# EXTRACTED DATA
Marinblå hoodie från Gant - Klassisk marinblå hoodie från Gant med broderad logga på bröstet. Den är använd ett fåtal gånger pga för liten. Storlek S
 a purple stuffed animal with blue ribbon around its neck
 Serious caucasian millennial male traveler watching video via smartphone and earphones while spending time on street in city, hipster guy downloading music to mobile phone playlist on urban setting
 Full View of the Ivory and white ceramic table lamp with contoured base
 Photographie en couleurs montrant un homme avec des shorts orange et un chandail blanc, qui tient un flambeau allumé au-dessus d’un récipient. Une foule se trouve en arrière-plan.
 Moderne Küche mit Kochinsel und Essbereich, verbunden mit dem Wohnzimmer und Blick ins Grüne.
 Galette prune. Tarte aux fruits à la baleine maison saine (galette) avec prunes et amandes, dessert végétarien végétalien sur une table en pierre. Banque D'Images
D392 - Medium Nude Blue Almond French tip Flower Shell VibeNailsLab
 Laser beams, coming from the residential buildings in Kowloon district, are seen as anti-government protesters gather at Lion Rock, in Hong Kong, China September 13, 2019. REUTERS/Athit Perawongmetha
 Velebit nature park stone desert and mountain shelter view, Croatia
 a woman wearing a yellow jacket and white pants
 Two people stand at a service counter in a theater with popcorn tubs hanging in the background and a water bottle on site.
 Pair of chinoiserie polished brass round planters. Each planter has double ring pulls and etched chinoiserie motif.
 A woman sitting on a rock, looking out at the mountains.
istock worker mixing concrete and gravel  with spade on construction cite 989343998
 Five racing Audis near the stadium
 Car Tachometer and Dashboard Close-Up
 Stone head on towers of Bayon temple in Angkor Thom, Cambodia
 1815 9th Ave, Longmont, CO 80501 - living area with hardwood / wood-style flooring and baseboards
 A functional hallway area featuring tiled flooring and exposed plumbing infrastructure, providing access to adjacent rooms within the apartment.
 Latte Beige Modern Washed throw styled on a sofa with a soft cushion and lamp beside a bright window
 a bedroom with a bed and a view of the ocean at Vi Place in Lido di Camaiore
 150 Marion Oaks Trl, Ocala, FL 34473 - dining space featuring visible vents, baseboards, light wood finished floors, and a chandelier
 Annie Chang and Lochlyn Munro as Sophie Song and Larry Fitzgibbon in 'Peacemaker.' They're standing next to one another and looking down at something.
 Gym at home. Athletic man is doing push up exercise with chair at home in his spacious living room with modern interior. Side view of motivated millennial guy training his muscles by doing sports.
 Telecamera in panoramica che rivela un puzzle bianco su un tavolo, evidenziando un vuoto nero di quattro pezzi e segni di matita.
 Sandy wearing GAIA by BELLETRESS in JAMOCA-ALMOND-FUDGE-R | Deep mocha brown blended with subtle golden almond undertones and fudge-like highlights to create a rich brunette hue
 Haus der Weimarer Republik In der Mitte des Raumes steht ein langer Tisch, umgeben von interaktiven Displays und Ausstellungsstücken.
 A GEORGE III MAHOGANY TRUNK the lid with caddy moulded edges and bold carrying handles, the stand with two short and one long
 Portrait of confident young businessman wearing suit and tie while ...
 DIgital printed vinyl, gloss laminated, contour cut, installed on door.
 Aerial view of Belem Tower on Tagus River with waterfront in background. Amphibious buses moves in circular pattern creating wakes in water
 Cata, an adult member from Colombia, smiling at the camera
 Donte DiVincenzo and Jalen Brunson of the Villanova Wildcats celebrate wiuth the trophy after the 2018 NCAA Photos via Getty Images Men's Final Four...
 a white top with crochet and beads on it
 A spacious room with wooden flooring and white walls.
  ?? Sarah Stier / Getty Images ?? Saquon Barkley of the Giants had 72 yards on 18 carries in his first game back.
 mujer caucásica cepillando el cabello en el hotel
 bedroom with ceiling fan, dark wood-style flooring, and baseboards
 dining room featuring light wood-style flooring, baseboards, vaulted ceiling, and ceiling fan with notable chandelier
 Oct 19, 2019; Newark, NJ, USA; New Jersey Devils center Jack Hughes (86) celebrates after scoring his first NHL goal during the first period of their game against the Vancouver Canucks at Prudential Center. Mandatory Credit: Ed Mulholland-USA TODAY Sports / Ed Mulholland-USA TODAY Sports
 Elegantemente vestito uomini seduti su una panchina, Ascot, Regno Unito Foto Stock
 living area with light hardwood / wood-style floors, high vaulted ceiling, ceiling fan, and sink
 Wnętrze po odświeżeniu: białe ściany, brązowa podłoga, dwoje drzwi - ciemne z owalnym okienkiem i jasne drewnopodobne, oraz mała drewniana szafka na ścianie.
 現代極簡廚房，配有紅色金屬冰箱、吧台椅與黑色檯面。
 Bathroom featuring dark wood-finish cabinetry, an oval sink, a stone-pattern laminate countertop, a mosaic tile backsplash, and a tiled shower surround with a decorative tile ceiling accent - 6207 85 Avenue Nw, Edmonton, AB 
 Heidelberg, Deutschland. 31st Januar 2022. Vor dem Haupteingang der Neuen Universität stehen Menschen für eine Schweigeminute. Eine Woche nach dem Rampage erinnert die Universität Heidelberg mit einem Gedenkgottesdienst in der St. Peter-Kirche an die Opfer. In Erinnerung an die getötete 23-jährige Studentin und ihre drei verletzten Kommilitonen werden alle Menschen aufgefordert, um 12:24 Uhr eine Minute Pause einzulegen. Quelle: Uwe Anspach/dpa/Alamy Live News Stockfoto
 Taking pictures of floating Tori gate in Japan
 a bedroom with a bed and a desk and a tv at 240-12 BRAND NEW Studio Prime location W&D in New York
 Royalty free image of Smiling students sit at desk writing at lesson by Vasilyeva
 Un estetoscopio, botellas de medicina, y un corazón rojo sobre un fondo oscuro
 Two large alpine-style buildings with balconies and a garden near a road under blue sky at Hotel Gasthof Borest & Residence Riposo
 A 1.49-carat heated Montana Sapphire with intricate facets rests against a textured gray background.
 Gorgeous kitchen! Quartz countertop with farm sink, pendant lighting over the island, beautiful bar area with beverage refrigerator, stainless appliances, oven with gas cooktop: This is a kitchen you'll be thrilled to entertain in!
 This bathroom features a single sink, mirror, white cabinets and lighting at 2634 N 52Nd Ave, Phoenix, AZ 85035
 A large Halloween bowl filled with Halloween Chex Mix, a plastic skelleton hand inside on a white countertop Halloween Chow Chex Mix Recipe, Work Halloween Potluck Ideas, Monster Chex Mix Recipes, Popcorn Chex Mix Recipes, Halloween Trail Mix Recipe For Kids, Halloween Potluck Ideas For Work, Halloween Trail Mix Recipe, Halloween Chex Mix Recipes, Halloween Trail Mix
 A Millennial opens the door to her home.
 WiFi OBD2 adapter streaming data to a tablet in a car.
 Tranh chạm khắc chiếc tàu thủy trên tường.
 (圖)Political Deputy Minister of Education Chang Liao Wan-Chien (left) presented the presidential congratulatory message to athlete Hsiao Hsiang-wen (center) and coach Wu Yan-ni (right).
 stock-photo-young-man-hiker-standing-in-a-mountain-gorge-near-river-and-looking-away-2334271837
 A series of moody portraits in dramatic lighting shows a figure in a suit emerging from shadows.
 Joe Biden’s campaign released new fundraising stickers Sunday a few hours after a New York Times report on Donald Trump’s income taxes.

# TASK TO COMPLETE
From the records above, reproduce exactly the lines from the one with "Laser beams, coming" to the one with "a woman wearing", both included, and no others.

# ANSWER BELOW
 Laser beams, coming from the residential buildings in Kowloon district, are seen as anti-government protesters gather at Lion Rock, in Hong Kong, China September 13, 2019. REUTERS/Athit Perawongmetha
 Velebit nature park stone desert and mountain shelter view, Croatia
 a woman wearing a yellow jacket and white pants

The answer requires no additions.